Wednesday, February 04, 2004

Happy, tired and sad all at once.

Happy because my work launch party went amazingly well last night in every way. People seemed genuinely moved by the charity's work and there was a really nice atmosphere in the reception afterwards. It was also really nice to explain and show what I do to so many people, from the business side of things (out of town colleagues, supporters) to the personal (my bf.) Usually I try not to "bring work home" as it were, but it was cool.

Tired because, well - a big event is always draining. Plus I'm not always that comfortable with doing the meet & greet thing for hours on end, even though I'm actually pretty good at it. It usually hits me afterwards as I just go into overdrive while it's all happening.

Sad because I had some terrible news this morning about the death of one of my friend's good friends. My tired state meant that it hit me pretty hard.

I felt pretty hollow this morning as I sloshed into work through a batch of cold winter rain.

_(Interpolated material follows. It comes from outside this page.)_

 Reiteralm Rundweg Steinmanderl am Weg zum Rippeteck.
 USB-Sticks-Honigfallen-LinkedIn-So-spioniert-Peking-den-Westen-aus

As I walked through the Arndale to get to my bus stop, all the shops seemed too bright, forcibly cheerful and pointless. I made it to my office and had to have a good cry.

But... it's the afternoon now and I'm feeling better. Lots of nice calls and emails about the event and a big M&S picnic lunch courtesy of my manager, and I reconfirmed my bookings for a little sejour this weekend in Brighton with the bf. It's good to focus on the positive I guess - but what a very up and down day.